I've got a PostGIS database of points in Postgres, and I would like to extract the points in several geographically distinct areas to CSV files, one file per area.
I have set up an area
table with area polygons, and area titles and I would like to effectively loop through that table, using something like Postgis' st_intersects()
to select the data to go in each CSV file, and get the filename for the CSV file from the title in the area table.
I'm comfortable with the details of doing the intersection code, and setting up the CSV output - what I don't know is how to do it for each area. Is it possible to do something like this with some sort of join? Or do I need to do it with a stored procedure, and use a loop construct in plpgsql?

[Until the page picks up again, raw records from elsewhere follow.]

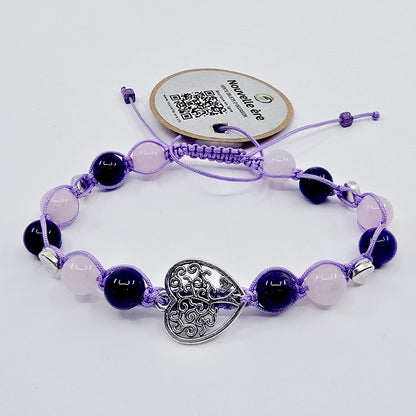 Bracelet Amélya - Améthyste et Quartz rose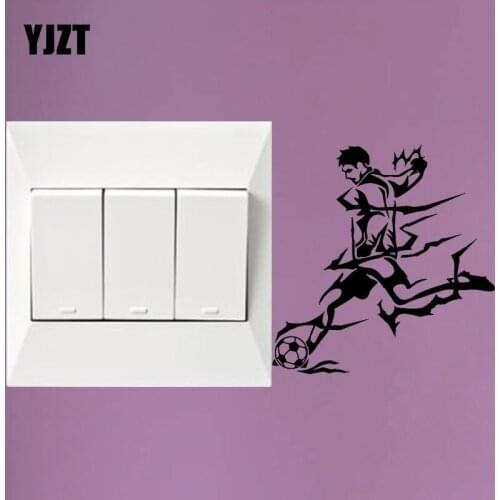 YJZT Soccer Player Sport Game Decor Vinyl Wall Decals Home Light Switch Stickers 8SS2167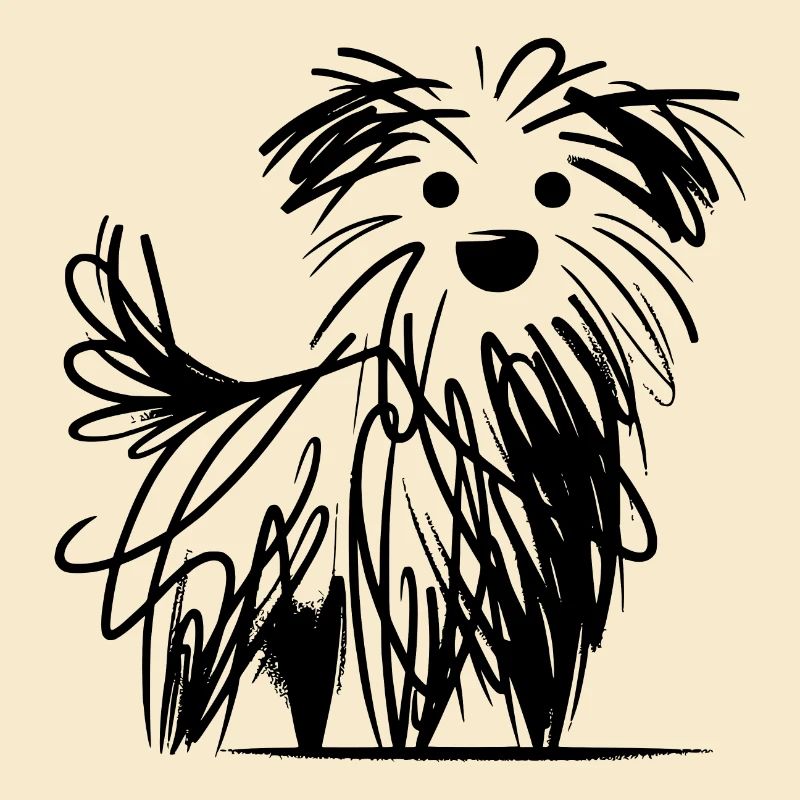 Playful Dog Sketch in Inks Doodle Lines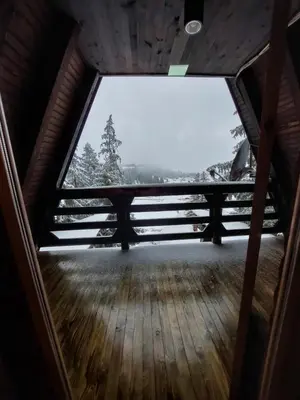 a view from the inside of a room with a window at Vikendica A Vlasic in Vlasic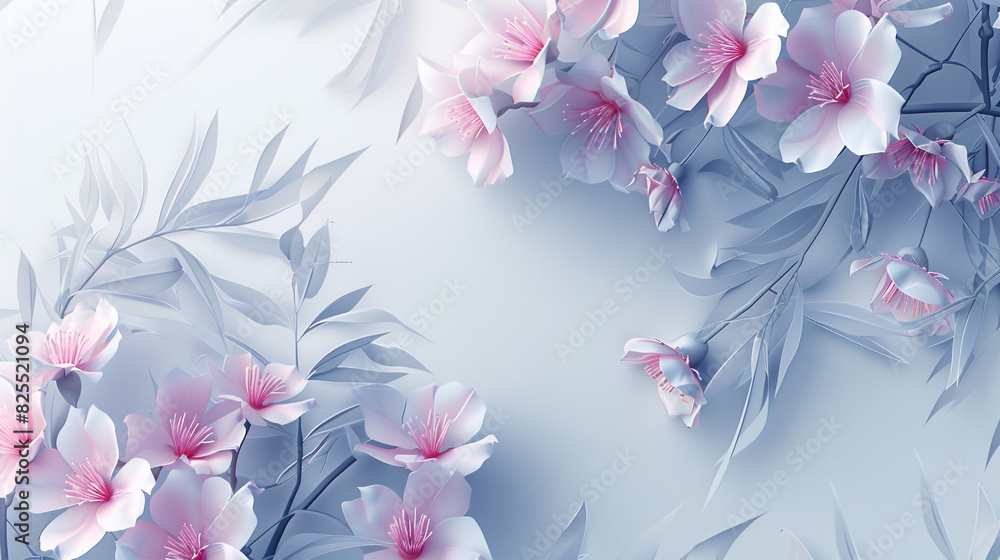 3d flower floral template background. 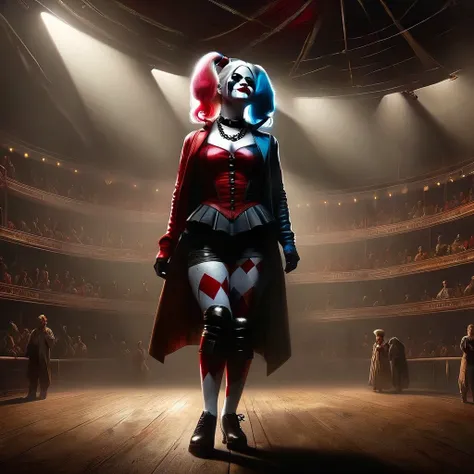 High Resolution, High Quality, Masterpiece. Harley Quinn stands solitary in a circus arena, a single ray of light from the side and above slicing through the dusty, smoky air to accentuate her form, Rembrandt lighting casts dramatic shadows, creating a mix...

You can loop over rows in your area
table in plpgsql. But be careful to get quoting of identifiers and values right:
Assuming this setup:
CREATE TABLE area (
title text PRIMARY KEY
, area_polygon geometry
);
CREATE TABLE points(
point_id serial PRIMARY KEY
, the_geom geometry);
You can use this plpgsql block:
DO
$do$
DECLARE
_title text;
BEGIN
FOR _title IN
SELECT title FROM area
LOOP
EXECUTE format('COPY (SELECT p.*
FROM area a
JOIN points p ON ST_INTERSECTS(p.the_geom, a.area_polygon)
WHERE a.title = %L) TO %L (FORMAT csv)'
, _title
, '/path/to/' || _title || '.csv');
END LOOP;
END
$do$;
Use format with %L
(for string literal) to get properly quoted strings to avoid syntax errors and possible SQL injection. You still need to use strings in area.title
that work for file names.)
Also careful to quote the filename as a whole, not just the title part of it.

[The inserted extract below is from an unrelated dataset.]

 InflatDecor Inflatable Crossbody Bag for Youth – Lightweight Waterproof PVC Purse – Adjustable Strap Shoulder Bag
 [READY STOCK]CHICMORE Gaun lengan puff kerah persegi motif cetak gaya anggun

You must concatenate the whole command as string. The "utility command" COPY
does not allow variable substitution. That's only possible with the core DML commands SELECT
, INSERT
, UPDATE
, and DELETE
. See:
So don't read out area.area_polygon
in the loop. It would have to be cast to text
to concatenate it into the query string, where the text representation would be cast back to geometry
(or whatever your actual undisclosed data type is). That's prone to errors.
Instead I only read area.title
to uniquely identify the row and handle the rest in the query internally.